Small businesses are suffering from an accumulation of friction costs that make it harder to turn a profit.  I include in these friction costs a psychological cost of being targeted and disrespected.  Few will enter a game if they sense they will be victimized or if the rules will be unclear or unfairly applied.

The problem, however, is not equally true throughout the economy.  Large public companies are benefiting from low interest rates and the demise in competition from the small private sector. Larger companies have the infrastructure to comply with ever rapidly growing regulations.  And larger companies have so much capital deployed they  are unable to simply close shop and walk away.  For a lender this makes them a better credit risk.

Low interest rates greatly penalize savers and the retired, yet it seems to be doing little to stimulate the private markets and small businesses which is where most of new jobs come from.

Small companies will close down or sell out to large companies, but what is critically missing is the startup of new companies; the market is just too unwilling to support new ventures.  This is where the great growth came from during the Reagan revolution.

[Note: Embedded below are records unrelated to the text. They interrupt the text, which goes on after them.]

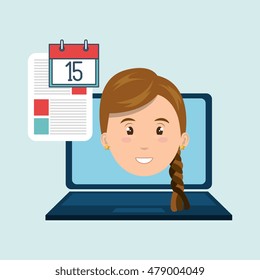 woman laptop document idea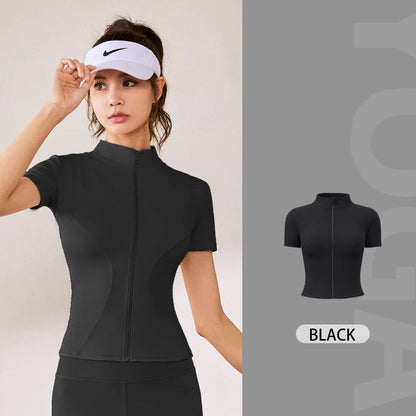 Women Short Sleeve Zipper Yoga Top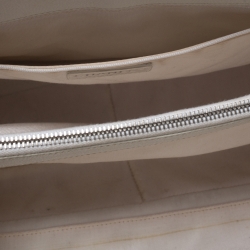 Pre Owned Chanel White Quilted Caviar Leather Grand Shopper Tote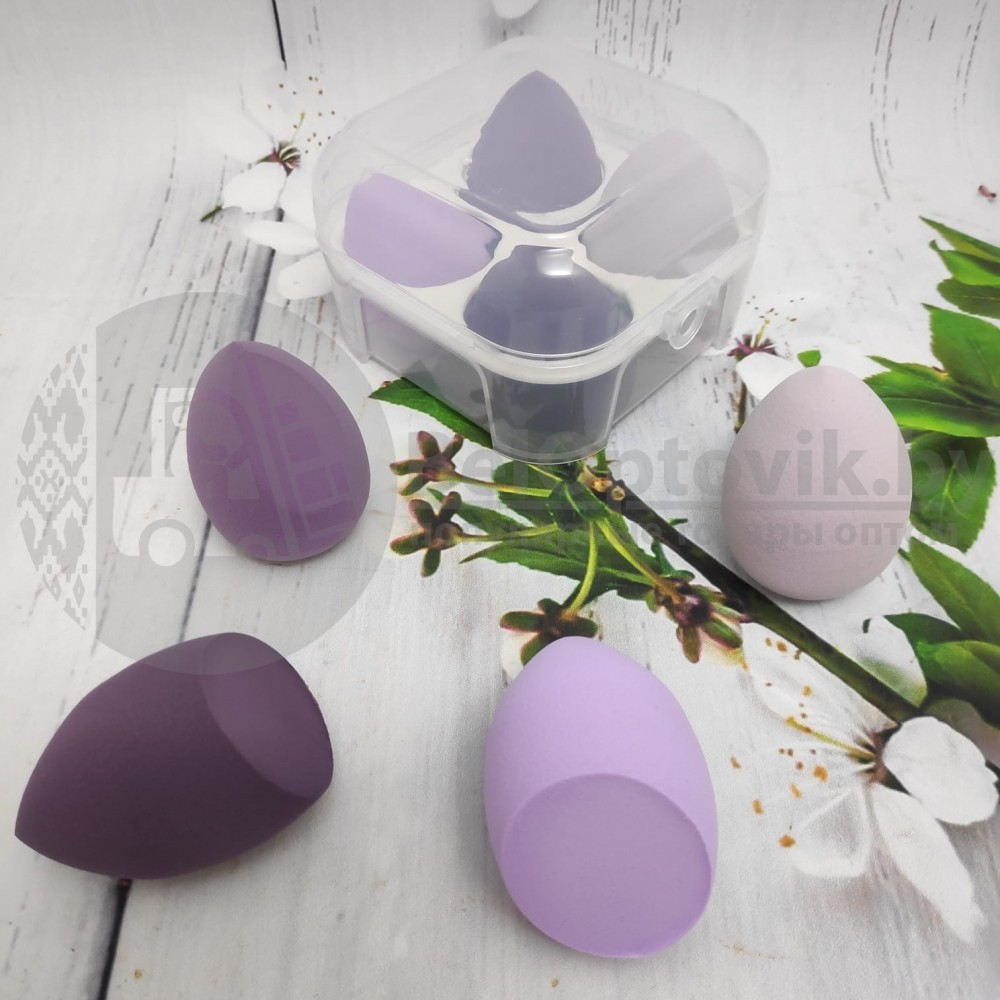 Набор спонжей для макияжа (4 штуки в пластиковом боксе) Фиолетовые оттенки - фото 7 - id-p139559928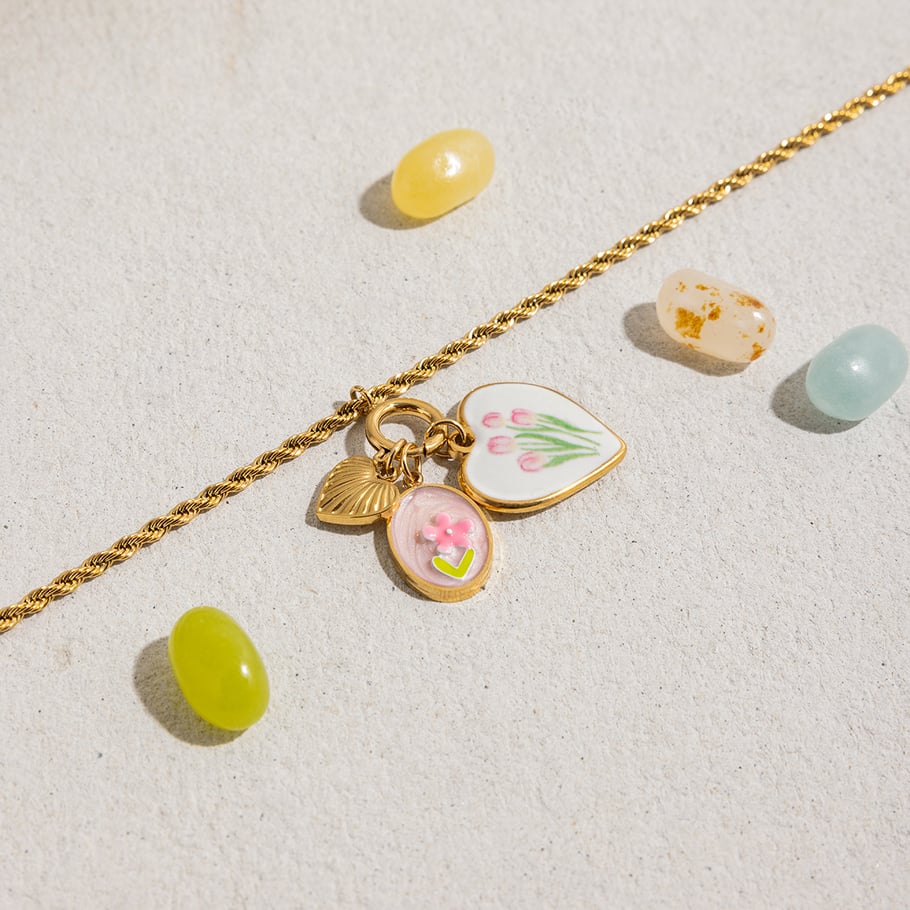 1 Piece Paint Heart Stainless Steel Gold Color Women's Pendant Necklaces Picture6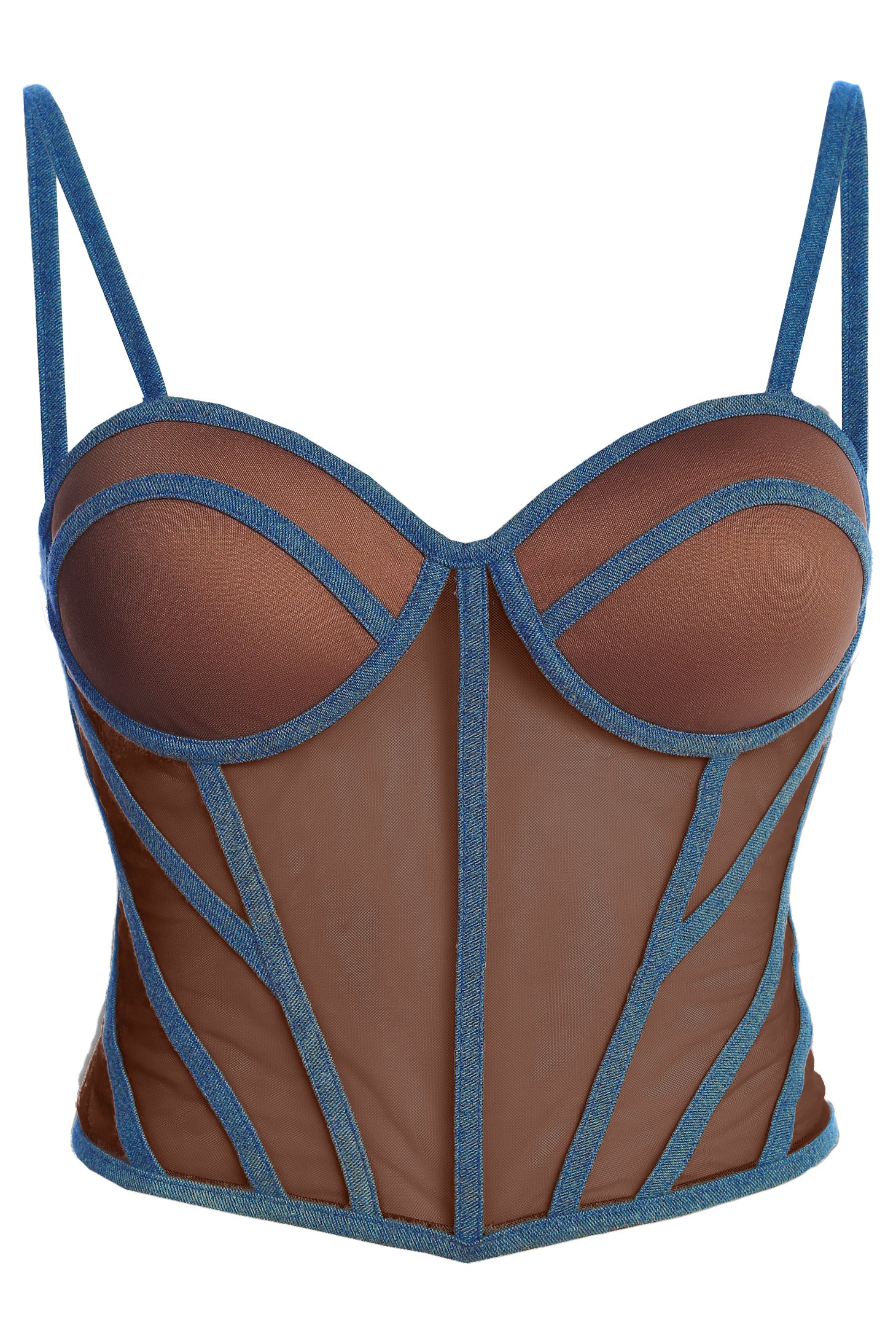 Dark Denim Illusion Mesh Bustier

Bernanke is a dedicated student of the Great Depression when the problem was largely liquidity.  The crash of 2008/09 was largely a problem of insolvency and may require a much different solution.  Liquidity solutions will not cure solvency issues, and monetary policy will be limited in its ability to solve fiscal problems.

For years the Fed has been able to solve problems created in Congress.  Loose money has obscured the results of bad government policy like a tight girdle and a push up bra obscures a woman’s real shape.